> **GIVEN DATA**

····················

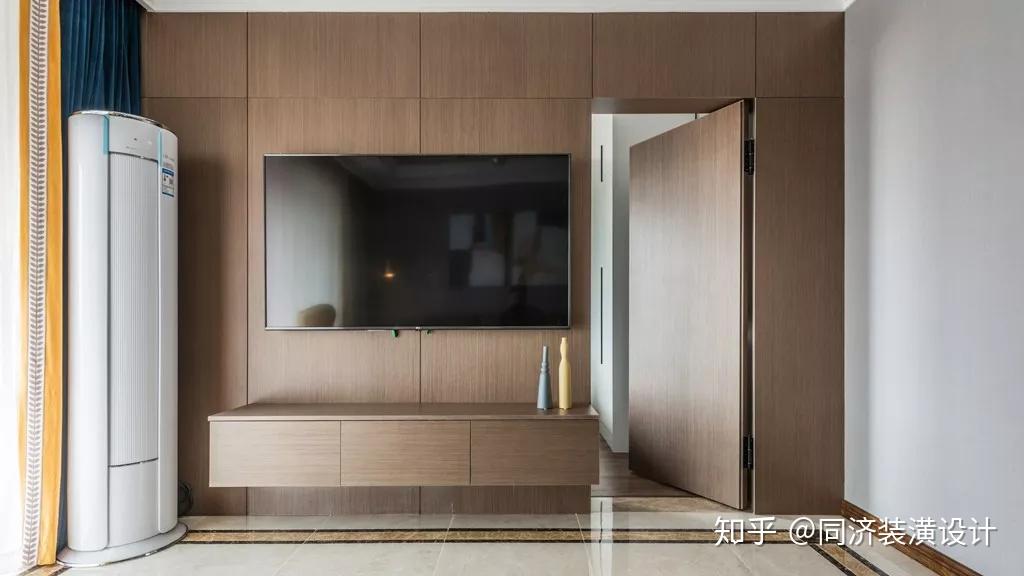 电视上墙不仅安全颜值高,还增加了客厅的活动面积;使用原木背景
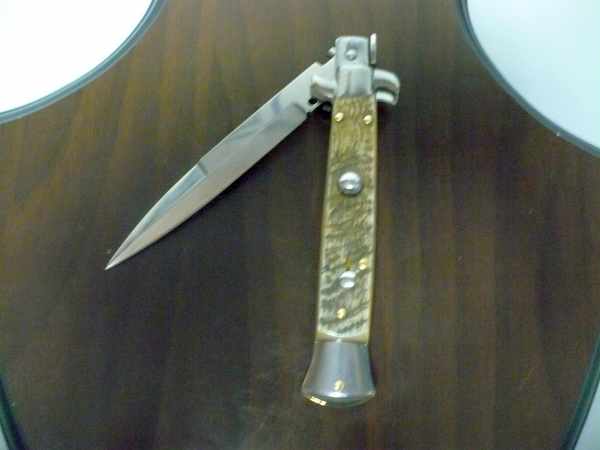 Frank Beltrame , italian stiletto - 23 cm , corno di ariete - lama baionetta , modello FB 23/63B - 2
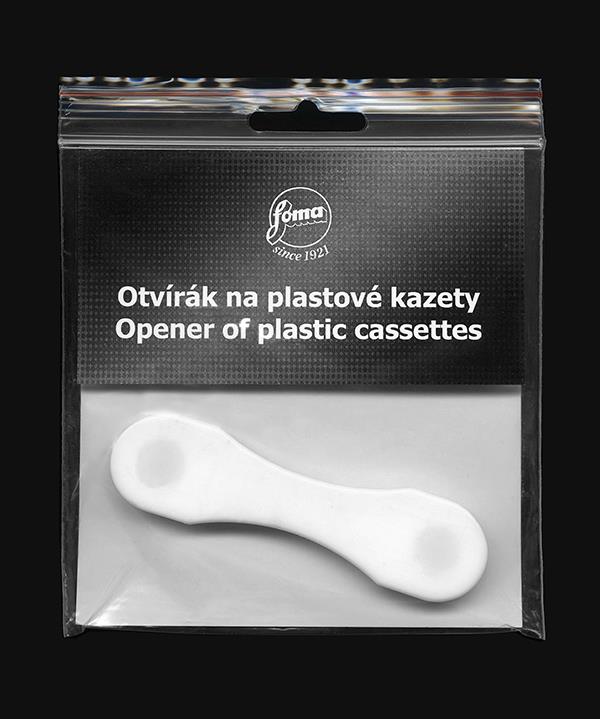 Plastic cassette opener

····················

> **ACTIVITY**
Repeat the material above in full and exactly, omitting the pictures.

> **SOLUTION FOR THIS TASK**
 电视上墙不仅安全颜值高,还增加了客厅的活动面积;使用原木背景
 Frank Beltrame , italian stiletto - 23 cm , corno di ariete - lama baionetta , modello FB 23/63B - 2
 Plastic cassette opener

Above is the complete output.